Small business planning is an area where many entrepreneurs stumble at the beginning of their careers. We’re not talking about writing a business plan here. Though that step is often necessary at the very outset of a venture, the vast majority of business plans simply evaporate in the face of actual events.
No, what we mean here are the type of regular planning sessions that are essential to steering an existing small business to future success. The reactive nature of much day-to-day small business life means it can be genuinely difficult to see the woods for the trees and take a step back to work out more strategic next steps.
In this article, we’ll step through four simple tips you can use to bring some clarity to the table when performing small business planning.
- Formally recognise the importance of planning as a distinct business process
Our first point is staggeringly obvious but it bears emphasising – you have to commit yourself to actually sitting down and making a formal plan. You would astonished at the amount of small businesses who do not actually do this. Step one to performing effective small business planning is simply confirming to yourself that you are going to do this in a formal way on some type of fixed, regular schedule.
- Plan quarterly, track results weekly
There is a reason nearly every large company on earth plans and reports quarterly – 90 days is a long enough period of time to plan major projects, and a short enough amount of time to keep on top of progress in a realistic manner and change direction if required.
For small businesses, weekly tracking of results often makes more sense than quarterly tracking. As your business grows, you may not have the luxury of simply checking up on things once a quarter. In many cases, you’ll actually need to be monitoring metrics such as sales and site traffic on a weekly basis to avoid unpleasant surprises.
- Evaluate the previous quarter
The recent past is your best guide to future events so ensure that some sort of formal review of the last quarter is undertaken before looking ahead to the next three months.
- Identify a small set of core goals and metrics
Even in the smallest of businesses, the amount of micro-goals and metrics you could potentially include in the planning process is surprisingly vast.
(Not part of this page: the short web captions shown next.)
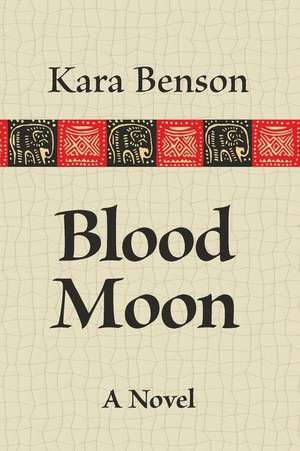 Blood Moon de MS Kara Benson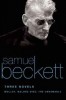 Beckett, Samuel  : Three Novels. Molloy, Malone Dies, The Unnamable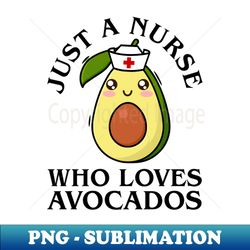 just a nurse who loves avocados - special edition sublimation png file - perfect for sublimation mastery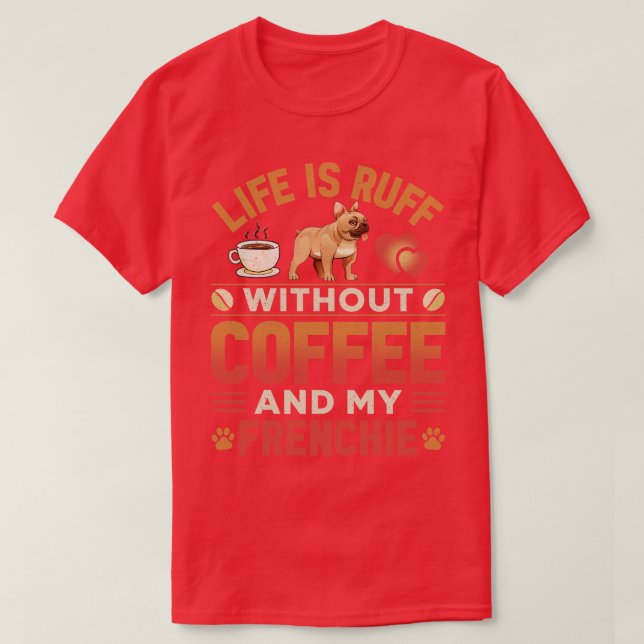 Hund und Kaffee T-Shirt (Design vorne)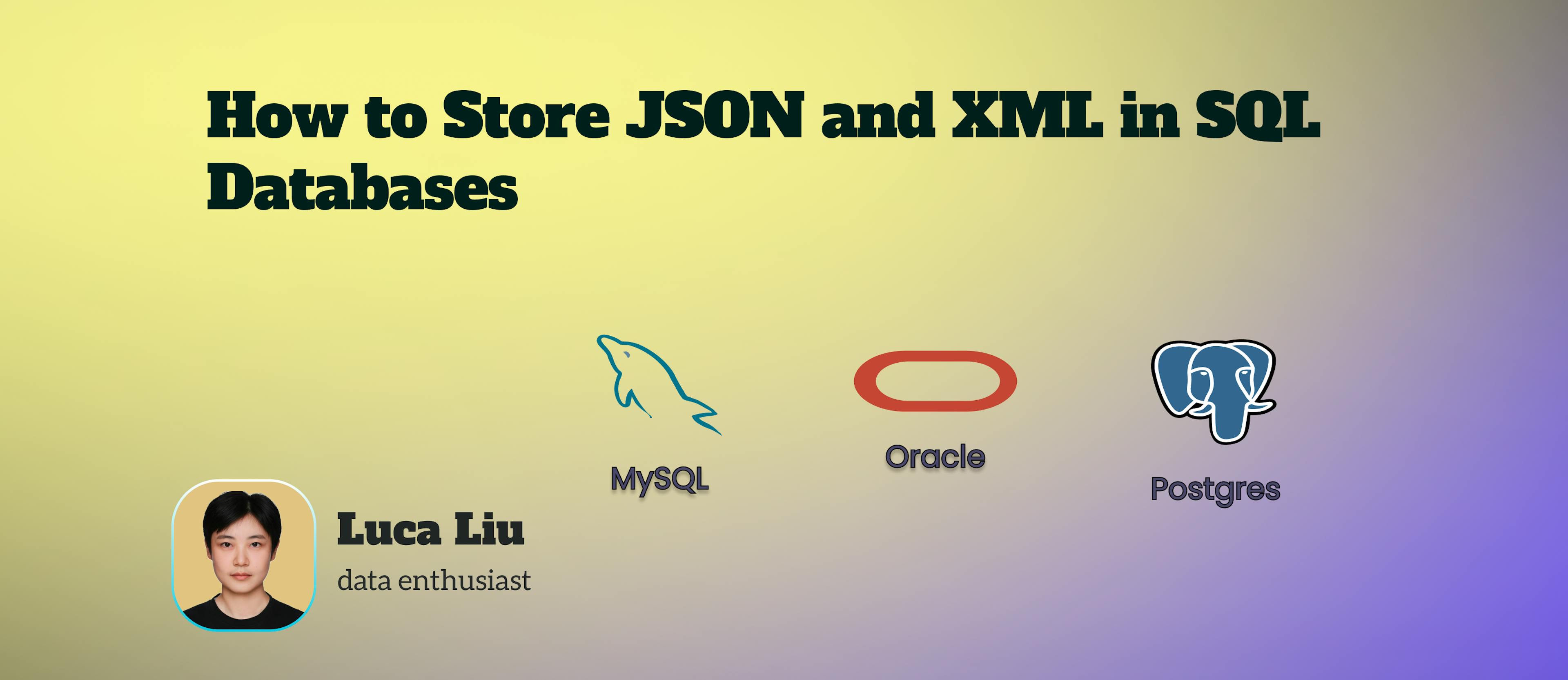 featured image - Storing JSON and XML in SQL Databases: An Essential Guide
In order not to vanish down rabbit holes of micro-management, it’s important to have a clear, manageable set of primary goals established and an agreed on set of core metrics you are judging overall success by.
To keep things simple, any goals you identify should match the classic S.M.A.R.T. criteria: they should be specific, measurable, attainable, realistic and timely. Use this simple, common sense set of criteria to evaluate each goal and clarity will inevitably be the result.
Our four key points above are just the tip of the iceberg when it comes to effective business planning, but they’ll get you a long way out of the gate. Use them as an initial framework to bring order and structure to your planning, and then branch out with custom additions to dial in success for your particular business use case.